= Pattern of Urlaur =

The Pattern of Urlaur is an annual festival held on 4 August at Urlaur, Kilmovee, County Mayo since medieval times, to remember the feast day of Saint Dominic.

==The Pattern==
Patterns were a traditional feature of rural Ireland, held to honour patron saints; "Pattern" being a corruption of "patron".

The Pattern of Urlaur is held near the ruins of Urlaur Abbey. The Abbey was founded around 1430 by the Anglo-Norman Nangle family for the Dominicans, and was dedicated to St. Thomas Aquinas.
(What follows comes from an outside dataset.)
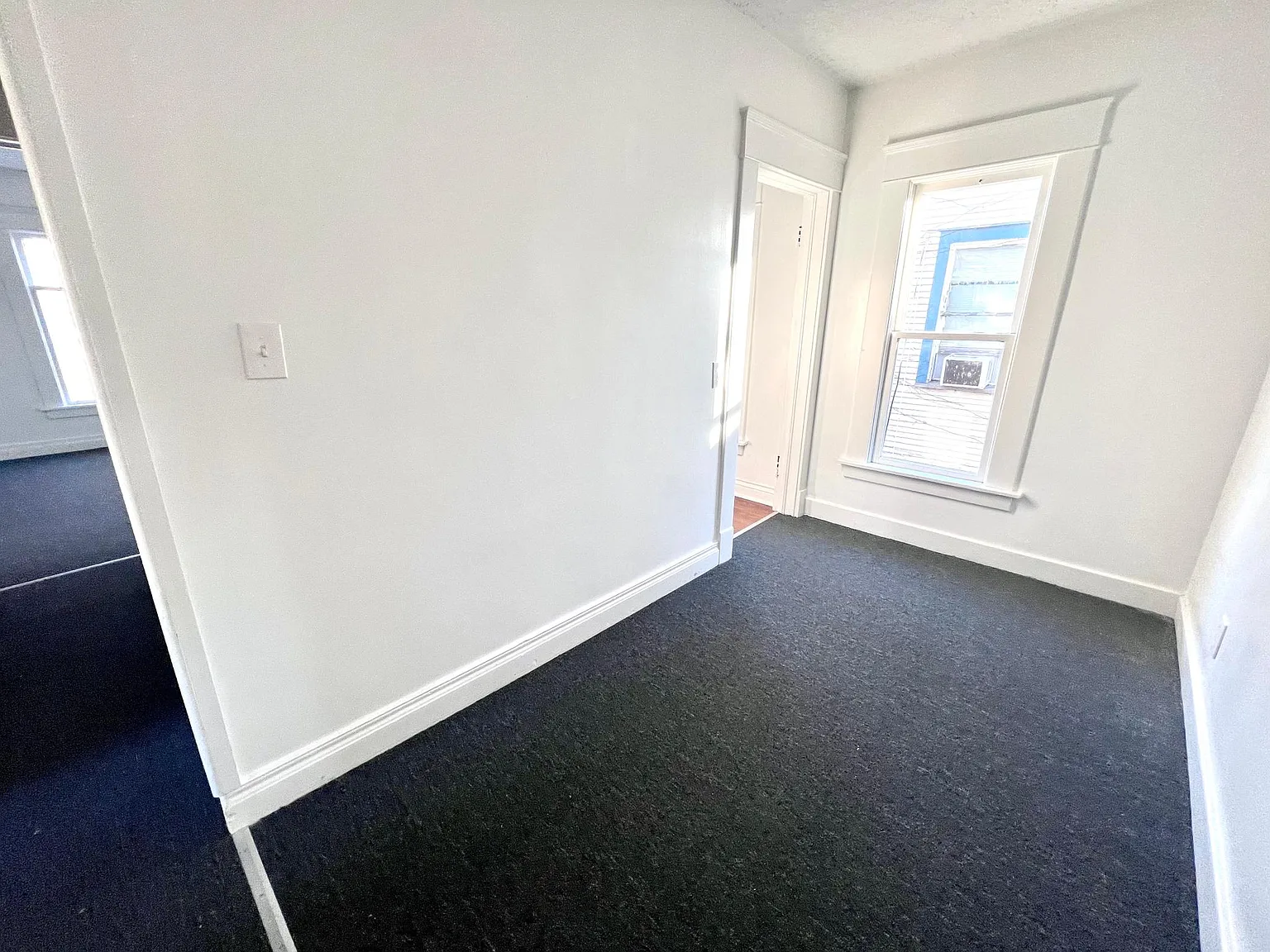 2 bed, 885 sqft, $945 — Photo 4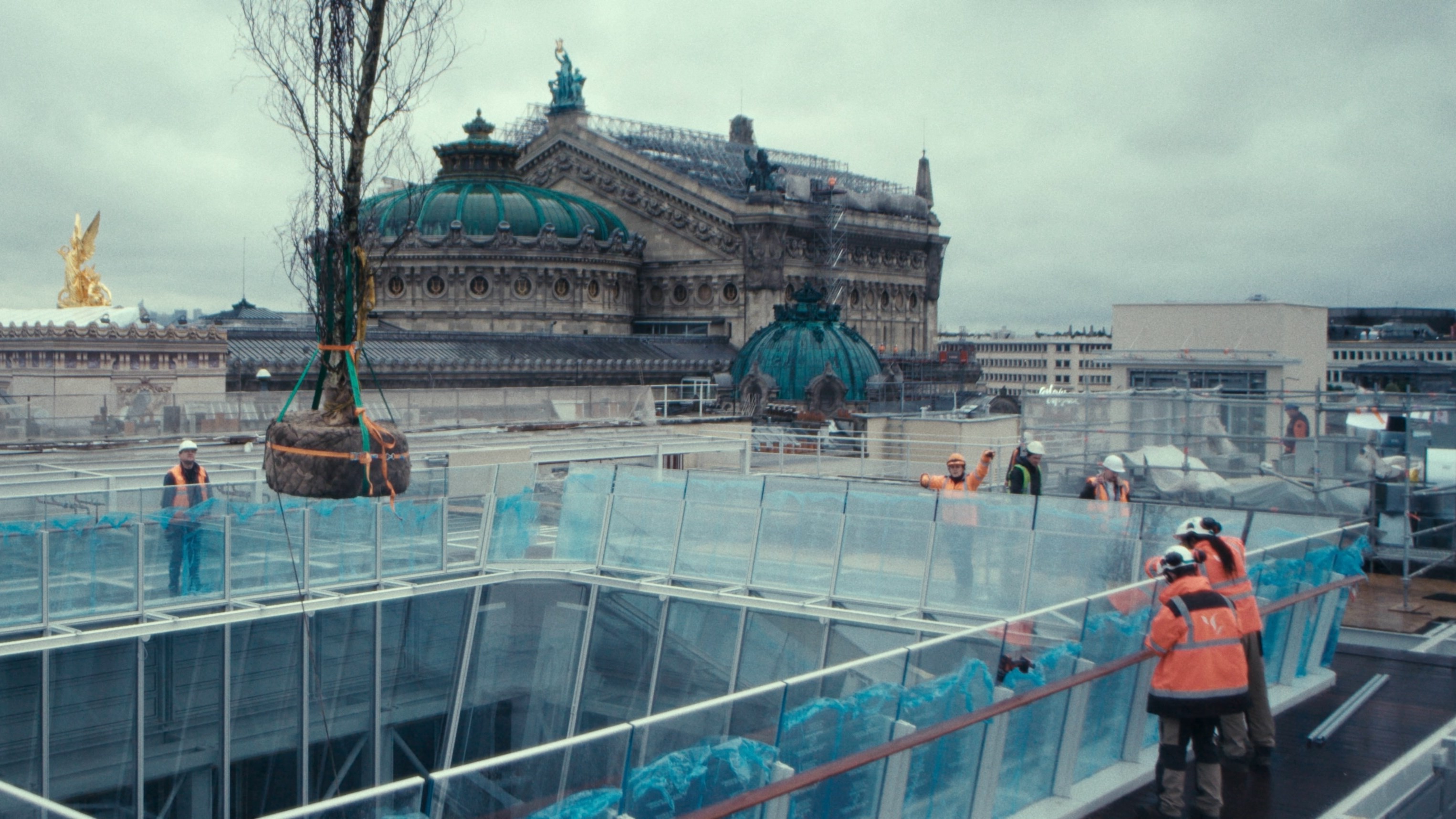 Blick auf eine grosse Baustelle mit viel Glas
It was built overlooking the banks of Loch Urlaur, but was destroyed in 1654 by Cromwellian soldiers.

Each year on 4 August, the traditional Feast Day of St Dominic, the people of the area gather to celebrate Mass in the "Abbey". The annual 'Pattern Day' starts with a concelebrated Mass in the Abbey, followed by music, sports, novelty events etc.

At the Pattern, traditional food items can be purchased, like dilisk (duileasc), a seaweed.

Douglas Hyde's 1915 collection of Legends of Saints and Sinners contains a tale called "the Friars of Urlaur" that describes the difficulty they had with an evil spirit, disguised as a black boar, that dwelt in the Loch Urlaur.